WHAT THE TASK ASKS:
So that the copy stays text only, transcribe the data below exactly and exclude the images.
START AVAILABLE DATA
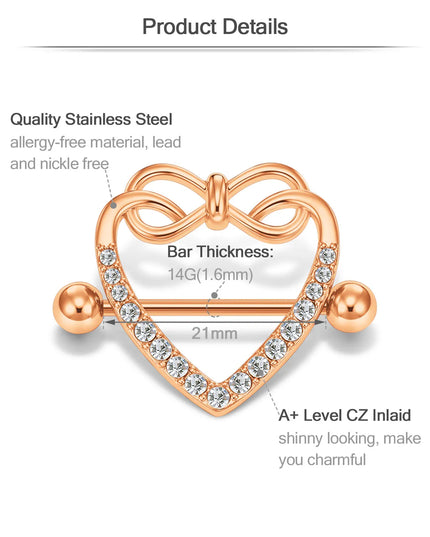 1Pair Heart Shaped Nipple Rings Piercing Jewelry for Women Sexy Clips Stianless Steel Nipple Ring Clamps Pierced Body Jewelry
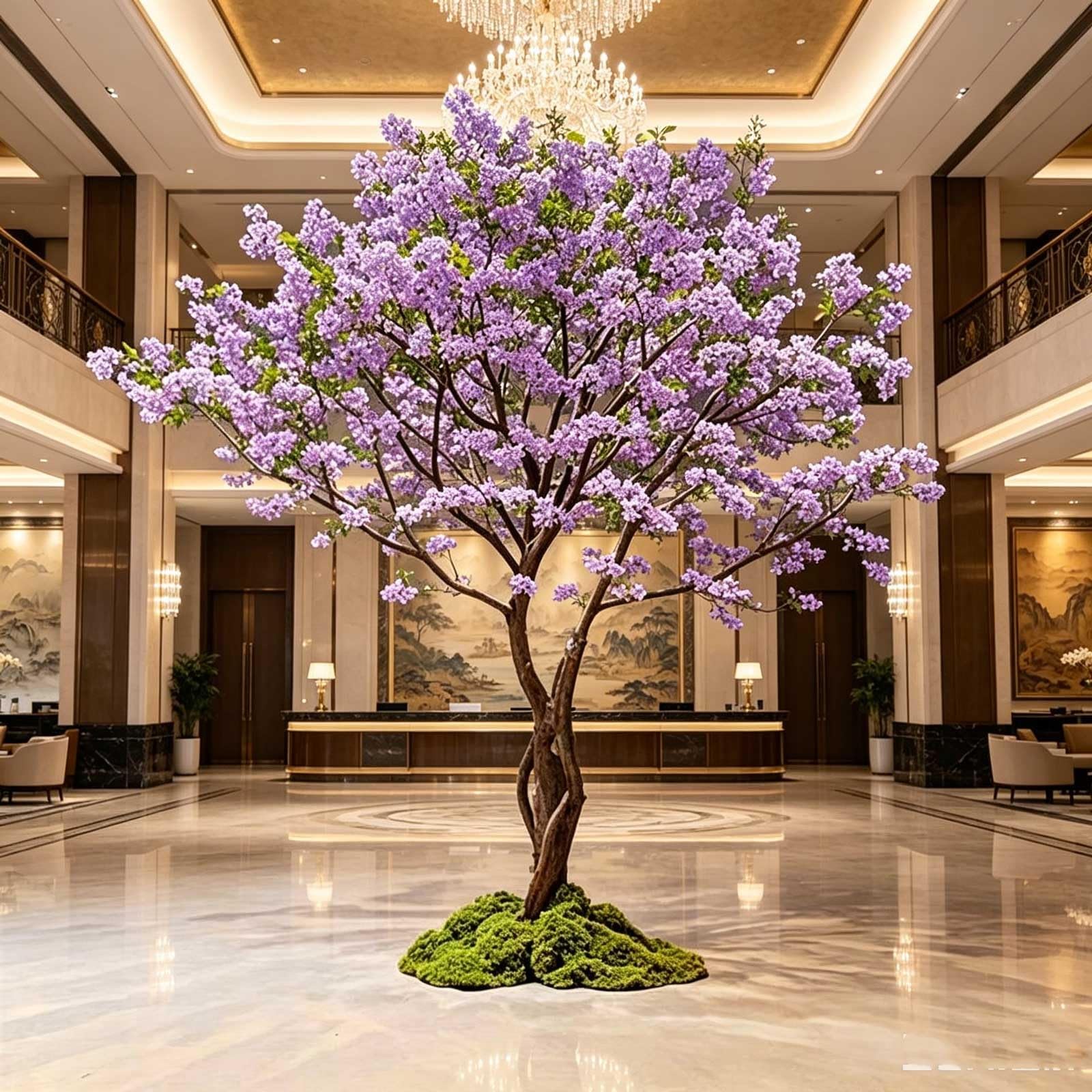 KIBONCY Realistic Lilac Tree, Wisteria tree, Cherry and Peach Trees - Scenery and Background Decorative Elements(1.2mx1m)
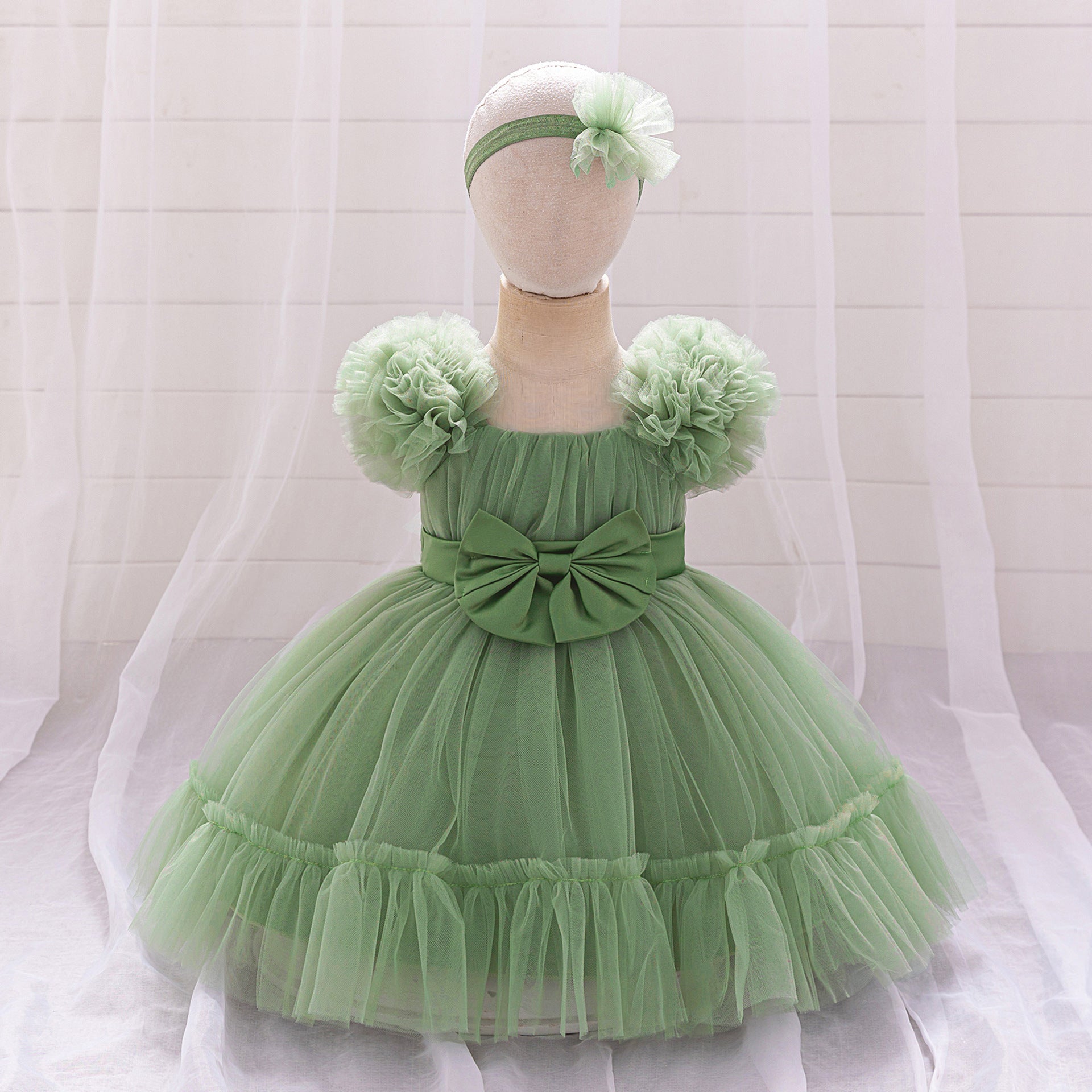 Cute Tulle Princess Dress for Girls | A-Line Tea Length Flower Girl Dress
END AVAILABLE DATA
RESPONSE TO THE EXERCISE:
 1Pair Heart Shaped Nipple Rings Piercing Jewelry for Women Sexy Clips Stianless Steel Nipple Ring Clamps Pierced Body Jewelry
 KIBONCY Realistic Lilac Tree, Wisteria tree, Cherry and Peach Trees - Scenery and Background Decorative Elements(1.2mx1m)
 Cute Tulle Princess Dress for Girls | A-Line Tea Length Flower Girl Dress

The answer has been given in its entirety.